04 - Start making the Rice ball ( check Onigiri method ), dip the Shrimp in Mentsuyu, and place it in the middle of rice. Shape Onigiri into a triangle, with the end of the shrimp peeking out of the top corner.
05 - Wrap with a strip of Roasted Seaweed.
- Warm Japanese Rice:
Use Japanese short-grain rice when you make rice balls; otherwise, your rice will not form into a ball. And always make rice balls with warm rice (“warm” but still cool enough that you can handle ).
- Size of Shrimp:
Depending on the size of shrimp you buy, you’ll need to adjust the rice ball size. If you use smaller shrimps than I did in this recipe, you’ll be making smaller rice balls to get the right balance between rice and shrimp tempura. If your shrimps are too big, you can cut them in half.
- Tempura Batter:
You can use the batter from my Shrimp Tempura recipe, but I made the egg-free tempura batter this time. Make sure to keep the consistency thicker similar to the ones for fritters. Thick batter absorbs more sauce; thus, tastier!
- Tempura Dipping Sauce:
The flavors of Tenmusu comes from Tempura sauce soaked by the shrimp tempura. If you have the tempura sauce handy already, use it. Otherwise, you can use a convenient bottle of Mentsuyu. Mentsuyu is a noodle soup base or multi-purpose sauce for noodles and seasoning).
- Nori ( Seaweed ):
Nori will be wilted ( not crispy ) after you wrap around the warm rice, and that’s how Tenmusu is served. If you prefer “crispy” nori texture, you can put nori on when you are ready to eat. You can save or pack nori strips in an airtight bag or wrap in a plastic wrap to enjoy later. I don’t have a problem with biting off the wilted nori, but I heard from some of you that that’s not your preference.

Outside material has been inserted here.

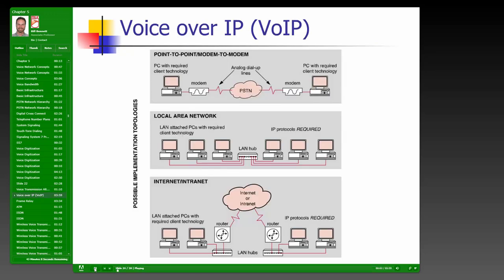IP is the most popular protocol at the network layer today, mainly because of the internet. The VoIP topology graphic shows different ways equipment can connect to provide Voice over IP service — including commercial services like Vonage as well as internal enterprise setups. For example, the college uses Cisco IP-based telephones with the entire telephone network utilizing Voice over IP.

- Serve & Store at Room Temperature:
Rice balls are always served slightly warm or at room temperature. The cooked rice gets hard when you keep it in the cool/cold place (like a refrigerator). Therefore, we often keep rice balls at room temperature until you are ready to eat. That’s why it’s important to use salt when you make rice balls because salt helps preserve the food safely. However, on a hot and humid day when food gets spoiled fast, keep it in the refrigerator.